24 a.] General return, with reference to what has been said in the last verses, to the great key-note of the Epistle, μένετε ἐν αὐτῷ, with which the former part of it concluded, ch. 2:28. This keeping of His (God’s) commandments is the abiding in God: this of which brotherly love is the first and most illustrious example and summary. So that the exhortation given at the beginning of this portion of the Epistle is still in the Apostle’s mind, as again ch. 4:15, 16, and 5:20; see also ch. 2:6, 3:6, 9. And he that keepeth His (God’s) commandments abideth in Him (God), and He (God) in him (Sander, Neander, al., hold that αὐτός, αὐτῷ are to be referred to Christ. And no doubt they would be perfectly true, and according to our Lord’s own words, when thus applied: cf. John 14:15, John 15:5 ff. Still, from the context (cf. on ἔδωκεν below), it is better to refer them to the chief subject, viz. to God. In the sense, the difference is not important. It is one of the most difficult questions in the exegesis of this most difficult of Epistles, to assign such expressions as the present definitely to their precise personal object).

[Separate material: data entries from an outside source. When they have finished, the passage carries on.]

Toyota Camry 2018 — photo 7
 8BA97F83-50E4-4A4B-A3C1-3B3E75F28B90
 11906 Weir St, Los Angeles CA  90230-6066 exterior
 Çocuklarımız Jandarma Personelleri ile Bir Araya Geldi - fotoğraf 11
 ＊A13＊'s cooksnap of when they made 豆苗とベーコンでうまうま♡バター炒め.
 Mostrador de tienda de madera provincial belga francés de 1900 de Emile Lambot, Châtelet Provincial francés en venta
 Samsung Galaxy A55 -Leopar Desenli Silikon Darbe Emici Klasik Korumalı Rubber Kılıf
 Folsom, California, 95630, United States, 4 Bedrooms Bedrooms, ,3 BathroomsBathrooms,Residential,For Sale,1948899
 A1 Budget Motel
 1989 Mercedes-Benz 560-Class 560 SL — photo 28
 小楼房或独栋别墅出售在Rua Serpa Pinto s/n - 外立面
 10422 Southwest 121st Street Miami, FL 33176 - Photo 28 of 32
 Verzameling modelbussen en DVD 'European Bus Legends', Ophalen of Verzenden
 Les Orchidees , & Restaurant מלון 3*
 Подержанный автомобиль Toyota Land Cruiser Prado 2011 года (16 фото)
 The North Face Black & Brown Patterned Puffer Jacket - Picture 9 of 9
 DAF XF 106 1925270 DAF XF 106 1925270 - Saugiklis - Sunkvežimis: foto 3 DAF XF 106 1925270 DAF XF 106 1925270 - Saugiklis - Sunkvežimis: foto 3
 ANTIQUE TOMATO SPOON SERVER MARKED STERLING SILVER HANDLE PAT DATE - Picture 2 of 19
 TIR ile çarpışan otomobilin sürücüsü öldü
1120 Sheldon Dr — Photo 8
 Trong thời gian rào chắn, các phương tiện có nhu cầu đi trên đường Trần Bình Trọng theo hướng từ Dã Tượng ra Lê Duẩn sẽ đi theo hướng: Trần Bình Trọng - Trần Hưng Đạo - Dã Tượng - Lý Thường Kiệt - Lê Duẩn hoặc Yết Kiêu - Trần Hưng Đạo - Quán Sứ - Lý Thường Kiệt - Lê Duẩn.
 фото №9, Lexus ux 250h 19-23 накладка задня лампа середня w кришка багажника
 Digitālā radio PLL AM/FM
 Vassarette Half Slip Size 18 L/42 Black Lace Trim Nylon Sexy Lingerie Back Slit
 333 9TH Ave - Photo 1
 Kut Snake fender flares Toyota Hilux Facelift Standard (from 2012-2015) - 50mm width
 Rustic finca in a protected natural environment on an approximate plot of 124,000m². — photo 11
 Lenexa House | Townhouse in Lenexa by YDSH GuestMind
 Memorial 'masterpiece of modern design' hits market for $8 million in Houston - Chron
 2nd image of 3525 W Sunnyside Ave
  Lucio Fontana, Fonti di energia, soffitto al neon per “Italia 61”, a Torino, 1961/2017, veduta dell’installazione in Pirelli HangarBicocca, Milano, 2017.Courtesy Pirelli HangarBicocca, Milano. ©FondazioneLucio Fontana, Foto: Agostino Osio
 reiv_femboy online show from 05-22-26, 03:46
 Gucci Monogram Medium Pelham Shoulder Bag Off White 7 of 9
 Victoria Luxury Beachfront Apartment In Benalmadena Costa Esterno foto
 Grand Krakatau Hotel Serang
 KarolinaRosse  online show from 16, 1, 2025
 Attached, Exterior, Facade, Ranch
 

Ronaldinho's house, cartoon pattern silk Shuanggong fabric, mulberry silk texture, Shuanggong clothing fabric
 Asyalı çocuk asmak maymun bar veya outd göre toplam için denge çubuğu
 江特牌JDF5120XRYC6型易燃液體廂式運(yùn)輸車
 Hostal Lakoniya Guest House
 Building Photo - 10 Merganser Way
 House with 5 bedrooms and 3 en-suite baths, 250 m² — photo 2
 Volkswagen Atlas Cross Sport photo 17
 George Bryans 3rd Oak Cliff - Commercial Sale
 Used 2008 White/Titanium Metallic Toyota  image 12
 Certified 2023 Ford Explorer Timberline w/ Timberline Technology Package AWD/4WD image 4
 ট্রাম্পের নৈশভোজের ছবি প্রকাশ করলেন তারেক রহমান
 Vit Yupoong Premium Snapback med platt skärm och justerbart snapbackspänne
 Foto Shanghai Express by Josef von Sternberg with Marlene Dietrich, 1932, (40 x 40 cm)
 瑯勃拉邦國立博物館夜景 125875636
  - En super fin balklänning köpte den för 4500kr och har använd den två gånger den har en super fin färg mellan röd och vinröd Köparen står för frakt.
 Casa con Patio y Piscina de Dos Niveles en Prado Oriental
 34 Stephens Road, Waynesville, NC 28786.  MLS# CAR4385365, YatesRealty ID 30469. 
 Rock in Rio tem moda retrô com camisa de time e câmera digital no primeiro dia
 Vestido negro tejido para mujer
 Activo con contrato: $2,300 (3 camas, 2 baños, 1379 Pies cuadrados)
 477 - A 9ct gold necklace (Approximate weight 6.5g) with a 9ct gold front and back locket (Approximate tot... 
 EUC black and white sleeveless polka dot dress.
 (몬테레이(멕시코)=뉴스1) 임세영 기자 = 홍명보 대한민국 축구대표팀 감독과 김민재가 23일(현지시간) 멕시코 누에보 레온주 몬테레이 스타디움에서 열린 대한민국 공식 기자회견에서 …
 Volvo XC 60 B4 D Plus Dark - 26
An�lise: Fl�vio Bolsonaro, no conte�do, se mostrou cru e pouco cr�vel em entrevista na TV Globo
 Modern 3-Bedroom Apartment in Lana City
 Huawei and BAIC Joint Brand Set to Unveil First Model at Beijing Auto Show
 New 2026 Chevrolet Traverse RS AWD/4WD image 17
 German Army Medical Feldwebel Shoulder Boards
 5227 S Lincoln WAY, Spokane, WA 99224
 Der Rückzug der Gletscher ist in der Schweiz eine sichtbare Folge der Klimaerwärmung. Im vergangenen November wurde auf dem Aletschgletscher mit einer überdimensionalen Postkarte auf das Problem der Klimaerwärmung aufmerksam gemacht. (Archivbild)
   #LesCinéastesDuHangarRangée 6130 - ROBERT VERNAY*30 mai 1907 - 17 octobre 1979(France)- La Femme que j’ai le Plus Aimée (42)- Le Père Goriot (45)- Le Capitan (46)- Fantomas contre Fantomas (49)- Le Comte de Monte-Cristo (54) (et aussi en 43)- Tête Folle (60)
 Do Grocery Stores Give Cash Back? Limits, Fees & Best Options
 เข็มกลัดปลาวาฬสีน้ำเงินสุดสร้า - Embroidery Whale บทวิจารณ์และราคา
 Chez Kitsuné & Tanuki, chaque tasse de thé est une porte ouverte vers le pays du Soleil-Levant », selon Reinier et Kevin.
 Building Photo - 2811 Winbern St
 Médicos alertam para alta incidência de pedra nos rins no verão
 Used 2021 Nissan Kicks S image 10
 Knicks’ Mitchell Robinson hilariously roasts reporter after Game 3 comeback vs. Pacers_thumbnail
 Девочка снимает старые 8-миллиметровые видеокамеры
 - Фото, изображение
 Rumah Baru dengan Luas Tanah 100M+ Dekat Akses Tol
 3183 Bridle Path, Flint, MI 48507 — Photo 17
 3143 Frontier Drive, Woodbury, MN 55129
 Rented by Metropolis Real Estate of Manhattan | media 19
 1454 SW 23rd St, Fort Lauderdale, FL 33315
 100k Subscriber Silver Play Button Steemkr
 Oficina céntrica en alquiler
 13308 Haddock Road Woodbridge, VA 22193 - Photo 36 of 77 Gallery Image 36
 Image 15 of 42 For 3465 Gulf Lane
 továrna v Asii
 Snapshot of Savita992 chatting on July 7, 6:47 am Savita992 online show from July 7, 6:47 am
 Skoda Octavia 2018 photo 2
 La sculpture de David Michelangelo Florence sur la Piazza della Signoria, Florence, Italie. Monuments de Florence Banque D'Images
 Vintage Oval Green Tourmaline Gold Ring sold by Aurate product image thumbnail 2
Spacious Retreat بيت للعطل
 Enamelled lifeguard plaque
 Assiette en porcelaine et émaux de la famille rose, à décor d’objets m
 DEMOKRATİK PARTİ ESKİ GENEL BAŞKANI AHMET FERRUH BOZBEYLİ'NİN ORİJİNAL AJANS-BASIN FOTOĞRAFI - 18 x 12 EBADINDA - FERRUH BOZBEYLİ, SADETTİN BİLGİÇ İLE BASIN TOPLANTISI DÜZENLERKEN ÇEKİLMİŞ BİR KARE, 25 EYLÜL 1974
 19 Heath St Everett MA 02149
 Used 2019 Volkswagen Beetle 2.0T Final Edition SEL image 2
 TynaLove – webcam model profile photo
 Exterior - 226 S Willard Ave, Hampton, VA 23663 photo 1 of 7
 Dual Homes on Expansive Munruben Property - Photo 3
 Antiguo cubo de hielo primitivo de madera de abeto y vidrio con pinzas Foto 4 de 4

24 b.] And of one part of this mutual indwelling there is a sign and token, given us by God Himself, viz. the Holy Spirit. By the mention of the Spirit, the Apostle makes these words the note of transition to the subject of the next section, ch. 4:1-6, which is parenthetical, of the discerning of true and false spirits, and after which the main subject of brotherly love is resumed again. And in this we (all the children of God; not as the R.-Cath. expositors, Lyra, Corn.-a-lap., Estius, the Apostles, or the apostolic church, only) know that He abideth in us, from the Spirit (the change of construction is unusual. It arises from the Apostle having combined together two ways of speaking in this connexion,—ἐν τούτῳ γινώσκομεν, ὅτι …, see vv. 16, 19, and ἐκ τούτου γινώσκομεν, ch. 4:6. The knowledge is ἐν τούτῳ, in this element or department of fact, and it is ἐκ τούτου, derived from, as its source, that which follows) which He gave us (ἔδωκεν, aor.; at a certain time, by a definite act, viz. on the day of Pentecost, when the Father bestowed the Holy Spirit on the Church. And this ἔδωκεν is one sign that the whole is to be referred to the Father: seeing that our Lord says, κἀγὼ ἐρωτήσω τὸν πατέρα, καὶ ἄλλον παράκλητον δώσει ὑμῖν … τὸ πνεῦμα τῆς ἀληθείας, John 14:16, John 14:17. This indwelling Spirit of God is to the child of God the spring and source of his spiritual life, the sure token of his sonship, Romans 8:14, Romans 8:15, Galatians 4:6, and of his union with God in Christ).